-- INPUT RECORDS --
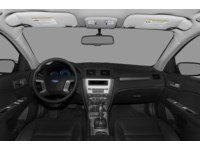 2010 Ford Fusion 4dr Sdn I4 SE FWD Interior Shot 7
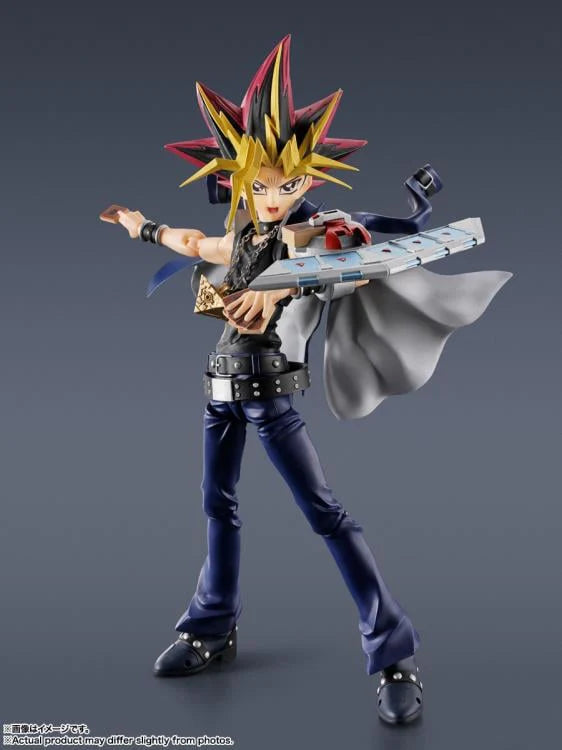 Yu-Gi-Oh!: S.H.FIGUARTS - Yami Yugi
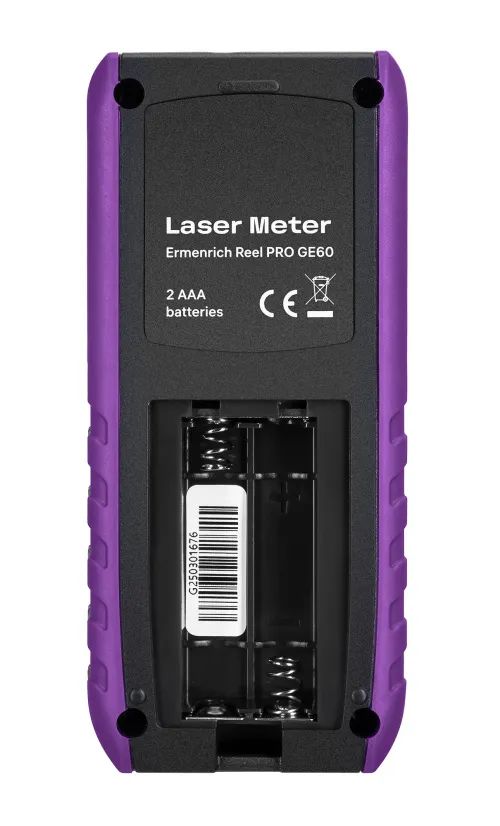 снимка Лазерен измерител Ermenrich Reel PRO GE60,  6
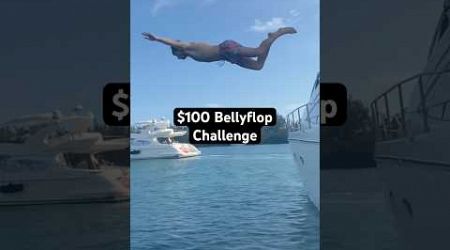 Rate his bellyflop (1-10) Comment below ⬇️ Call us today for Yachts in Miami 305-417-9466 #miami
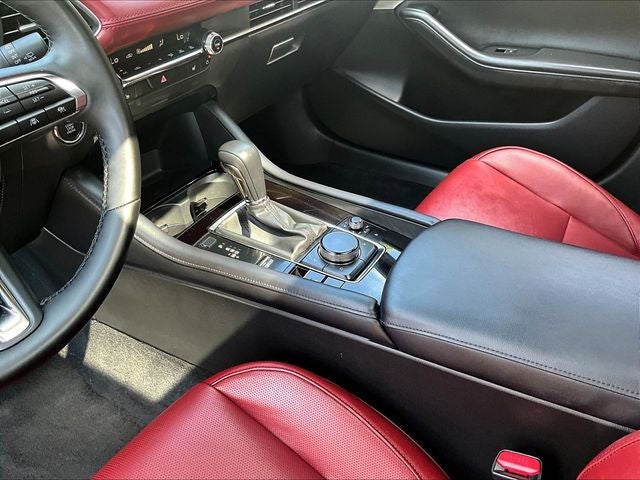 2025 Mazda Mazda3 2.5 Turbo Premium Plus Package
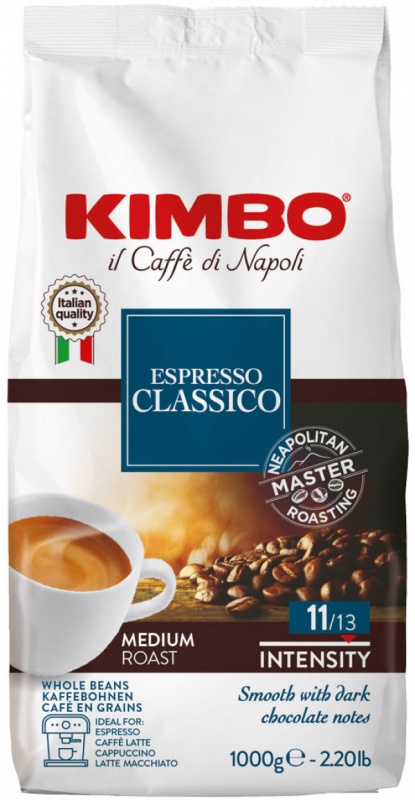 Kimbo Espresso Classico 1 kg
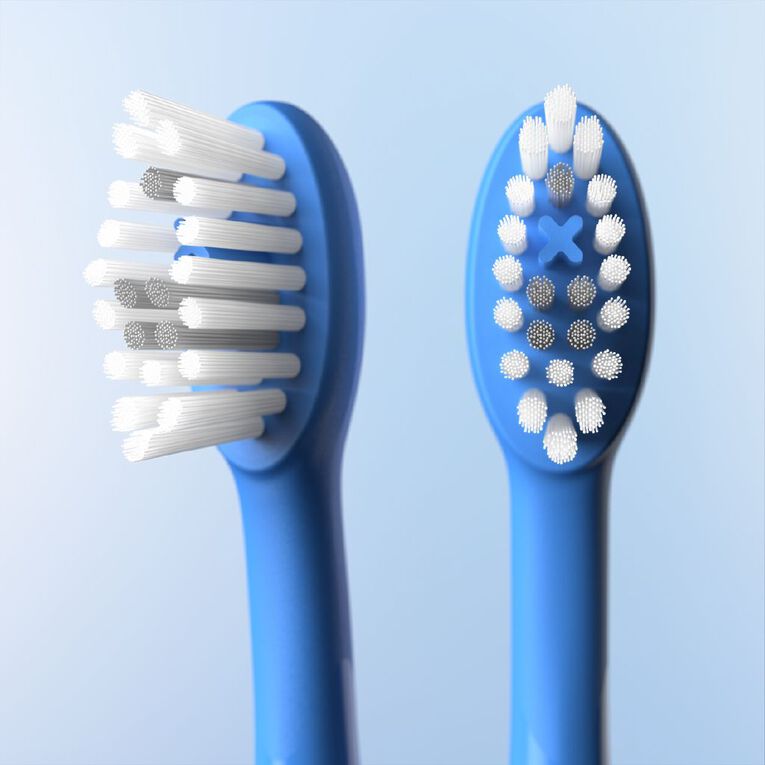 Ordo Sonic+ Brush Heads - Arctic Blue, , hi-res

-- THE TASK --
Would you give the data above again word for word, minus the pictures?

-- WRITTEN RESPONSE --
 2010 Ford Fusion 4dr Sdn I4 SE FWD Interior Shot 7
 Yu-Gi-Oh!: S.H.FIGUARTS - Yami Yugi
 снимка Лазерен измерител Ermenrich Reel PRO GE60,  6
 Rate his bellyflop (1-10) Comment below ⬇️ Call us today for Yachts in Miami 305-417-9466 #miami
 2025 Mazda Mazda3 2.5 Turbo Premium Plus Package
 Kimbo Espresso Classico 1 kg
 Ordo Sonic+ Brush Heads - Arctic Blue, , hi-res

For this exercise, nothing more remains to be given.